I’ll get it out of the way right now. I’m not Mormon. But I have been to Salt Lake City a few times. I’m comfortable there, in fact more comfortable then I am in other parts of Utah. I think it’s because the city was laid out like many of the towns and cities I grew up in, the original Mormon settlers having come from Upstate New York and New England. Picture a small white clapboard church as the centerpiece of this image and it is many small towns in Vermont or New Hampshire. Yes the city has grown far beyond that scale, and clearly those aren’t Congregationalists but it is a New England town. So, here we have the Mormon Temple on Temple Square. This isn’t the first temple, that was in Illinois, but was destroyed in the mid 1800s before the Later Day Saints migrated westwards. It’s a fine example of late 19th century architecture which is difficult to find in the American West.
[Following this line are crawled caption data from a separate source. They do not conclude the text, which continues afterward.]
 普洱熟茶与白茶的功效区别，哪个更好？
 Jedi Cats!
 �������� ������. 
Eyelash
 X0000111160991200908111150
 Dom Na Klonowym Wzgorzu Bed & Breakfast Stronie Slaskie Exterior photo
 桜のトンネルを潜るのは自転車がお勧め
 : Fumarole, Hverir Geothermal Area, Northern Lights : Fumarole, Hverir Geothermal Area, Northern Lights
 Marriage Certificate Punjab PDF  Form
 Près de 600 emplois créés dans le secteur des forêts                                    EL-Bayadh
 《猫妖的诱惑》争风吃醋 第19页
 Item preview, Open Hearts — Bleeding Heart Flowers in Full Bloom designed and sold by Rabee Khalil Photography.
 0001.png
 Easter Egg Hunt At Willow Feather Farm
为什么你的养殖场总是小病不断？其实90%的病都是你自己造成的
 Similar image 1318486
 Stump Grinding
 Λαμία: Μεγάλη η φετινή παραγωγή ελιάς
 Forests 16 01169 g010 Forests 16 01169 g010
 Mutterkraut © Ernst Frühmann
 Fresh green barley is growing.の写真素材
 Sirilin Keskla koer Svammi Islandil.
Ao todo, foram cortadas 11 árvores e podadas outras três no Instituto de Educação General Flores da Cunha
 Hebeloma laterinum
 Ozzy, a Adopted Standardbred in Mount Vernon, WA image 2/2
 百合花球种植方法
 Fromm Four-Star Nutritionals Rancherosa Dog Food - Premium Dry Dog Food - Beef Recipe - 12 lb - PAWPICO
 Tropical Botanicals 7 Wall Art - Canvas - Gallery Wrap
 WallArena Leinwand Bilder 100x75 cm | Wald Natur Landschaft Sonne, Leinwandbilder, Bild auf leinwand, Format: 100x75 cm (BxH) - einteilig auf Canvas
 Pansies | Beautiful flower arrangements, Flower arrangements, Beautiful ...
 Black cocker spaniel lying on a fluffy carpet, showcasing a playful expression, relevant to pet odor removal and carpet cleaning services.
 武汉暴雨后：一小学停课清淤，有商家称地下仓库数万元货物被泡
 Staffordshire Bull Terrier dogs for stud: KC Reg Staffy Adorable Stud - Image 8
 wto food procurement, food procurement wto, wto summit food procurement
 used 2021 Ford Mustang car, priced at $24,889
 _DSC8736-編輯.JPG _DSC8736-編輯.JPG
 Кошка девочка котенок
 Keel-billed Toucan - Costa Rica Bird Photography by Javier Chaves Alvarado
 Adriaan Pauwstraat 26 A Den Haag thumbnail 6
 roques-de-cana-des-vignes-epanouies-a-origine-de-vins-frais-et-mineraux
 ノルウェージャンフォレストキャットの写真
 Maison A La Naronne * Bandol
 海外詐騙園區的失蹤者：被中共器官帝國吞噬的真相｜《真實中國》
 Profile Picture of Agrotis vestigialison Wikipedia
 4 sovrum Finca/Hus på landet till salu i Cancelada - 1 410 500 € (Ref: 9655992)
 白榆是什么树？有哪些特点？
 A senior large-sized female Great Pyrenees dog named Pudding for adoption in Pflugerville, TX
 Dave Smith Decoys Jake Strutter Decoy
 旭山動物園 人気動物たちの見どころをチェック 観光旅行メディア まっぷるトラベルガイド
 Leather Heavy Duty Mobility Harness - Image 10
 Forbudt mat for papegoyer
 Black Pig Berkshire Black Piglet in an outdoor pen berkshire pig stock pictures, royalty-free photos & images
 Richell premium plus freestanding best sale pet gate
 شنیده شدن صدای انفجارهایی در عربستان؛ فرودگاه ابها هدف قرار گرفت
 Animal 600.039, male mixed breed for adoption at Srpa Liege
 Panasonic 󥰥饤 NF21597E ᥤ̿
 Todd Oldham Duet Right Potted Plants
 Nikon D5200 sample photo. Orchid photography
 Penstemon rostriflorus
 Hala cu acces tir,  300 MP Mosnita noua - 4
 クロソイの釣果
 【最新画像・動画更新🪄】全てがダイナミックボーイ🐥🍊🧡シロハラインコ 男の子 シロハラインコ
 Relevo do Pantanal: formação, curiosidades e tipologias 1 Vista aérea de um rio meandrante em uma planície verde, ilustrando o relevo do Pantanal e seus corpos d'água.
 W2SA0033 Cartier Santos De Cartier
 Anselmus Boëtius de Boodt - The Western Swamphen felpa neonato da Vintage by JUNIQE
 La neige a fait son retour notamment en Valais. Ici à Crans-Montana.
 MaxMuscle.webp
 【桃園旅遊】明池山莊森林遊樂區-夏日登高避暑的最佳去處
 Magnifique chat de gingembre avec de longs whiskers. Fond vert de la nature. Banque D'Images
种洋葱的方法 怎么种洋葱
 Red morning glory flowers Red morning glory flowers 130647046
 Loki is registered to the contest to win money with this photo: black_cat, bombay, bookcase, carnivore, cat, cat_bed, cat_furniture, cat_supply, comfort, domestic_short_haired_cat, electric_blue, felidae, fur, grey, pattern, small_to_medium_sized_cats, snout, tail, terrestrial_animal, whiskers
Want a more detailed view of this amazing photo? Check it out here: http://joshua-house.artistwebsites.com/featured/temple-square-black-and-white-joshua-house.html
Note: As people have noticed, I classify Colorado and Utah as being in “The American West” while I classify Texas as Texas. Some of you may be saying “Josh, why don’t you see Texas as the west? We have cowboys, we’ve got deserts…”. Yes, you do, but I define “The American West” as everything west of the 100th meridian. To save you the time of getting out your atlas’ that’s the eastern edge of the panhandle. This is a historical and hydrological definition which unfortunantly divides Texas in half, so El Paso or Amarillo are “The American West” but Houston, College Station, Waco and DFW are not.